Caption-style text data:

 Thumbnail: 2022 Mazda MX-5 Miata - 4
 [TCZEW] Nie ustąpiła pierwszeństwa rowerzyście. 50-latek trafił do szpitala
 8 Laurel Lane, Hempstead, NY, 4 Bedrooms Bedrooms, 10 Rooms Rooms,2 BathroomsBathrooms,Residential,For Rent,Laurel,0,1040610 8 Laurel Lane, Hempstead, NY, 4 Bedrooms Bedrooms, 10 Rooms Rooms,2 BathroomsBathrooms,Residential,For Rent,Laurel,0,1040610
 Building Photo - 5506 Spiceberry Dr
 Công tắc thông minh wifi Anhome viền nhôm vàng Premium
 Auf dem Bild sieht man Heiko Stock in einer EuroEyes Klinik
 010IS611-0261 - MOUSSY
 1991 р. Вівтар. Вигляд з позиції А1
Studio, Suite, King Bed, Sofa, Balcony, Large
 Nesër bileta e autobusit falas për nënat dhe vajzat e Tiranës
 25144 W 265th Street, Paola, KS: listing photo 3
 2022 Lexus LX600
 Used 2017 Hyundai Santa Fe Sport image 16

| WHAT YOU ARE ASKED TO DO |
Return only this span, exactly: the line that contains "Studio, Suite, King Bed, Sofa, Balcony, Large" and all lines after it to the end of the records.

| EXPECTED ANSWER |
Studio, Suite, King Bed, Sofa, Balcony, Large
 Nesër bileta e autobusit falas për nënat dhe vajzat e Tiranës
 25144 W 265th Street, Paola, KS: listing photo 3
 2022 Lexus LX600
 Used 2017 Hyundai Santa Fe Sport image 16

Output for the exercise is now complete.